▶ **EXERCISE BRIEF**: What you produce should be the lines from the line containing "Found/Stray Unknown Cat" through the last line below, both ends included, reproduced exactly and without pictures.

▶ **RECORDED INFORMATION**:
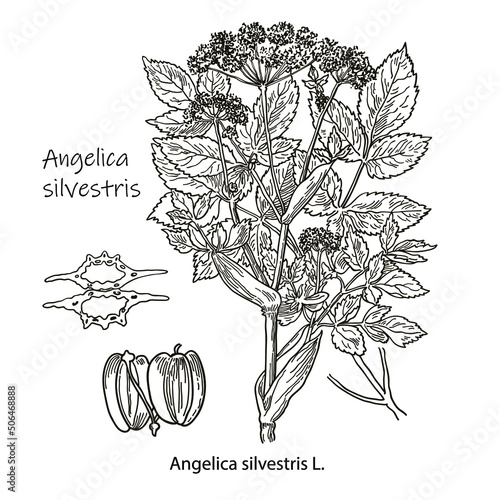 Angelica silvestris. Vector hand drawn herb. Botanical plant illustration. Vintage medicinal herb sketch.
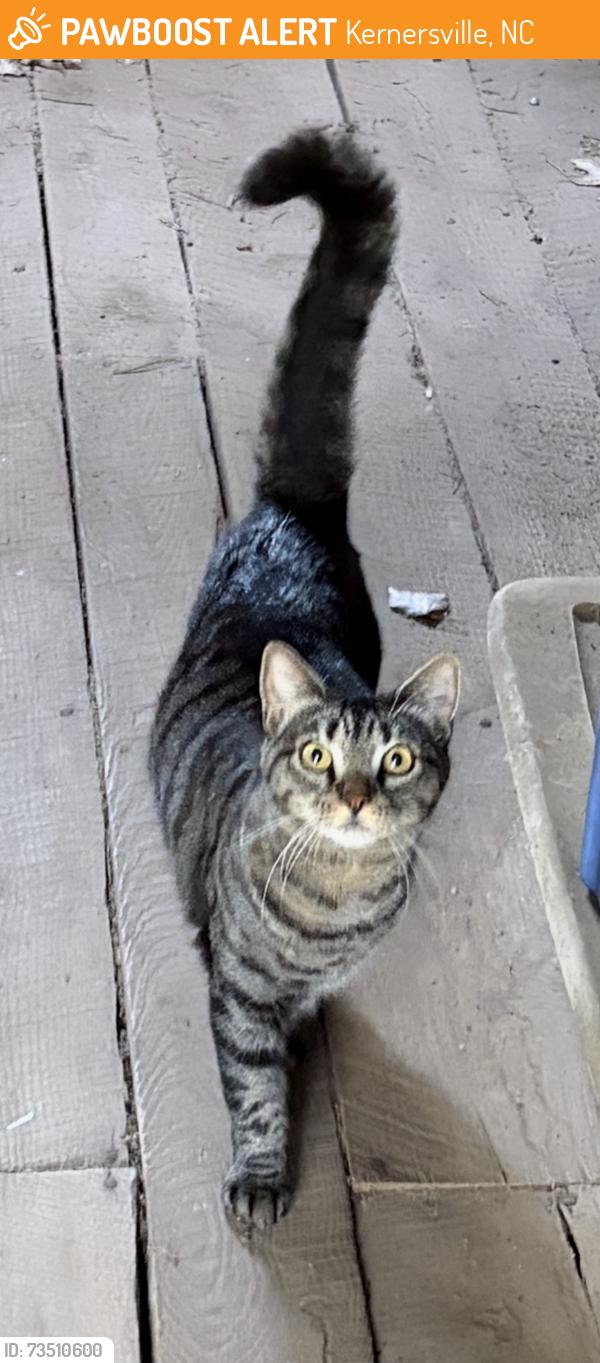 Found/Stray Unknown Cat last seen Lake Drive between McConnell and Christy Acres, Kernersville, NC 27284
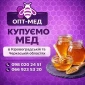 Закупаем мед оптом без антибиотиков - фото № 1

▶ **TASK OUTPUT**:
 Found/Stray Unknown Cat last seen Lake Drive between McConnell and Christy Acres, Kernersville, NC 27284
 Закупаем мед оптом без антибиотиков - фото № 1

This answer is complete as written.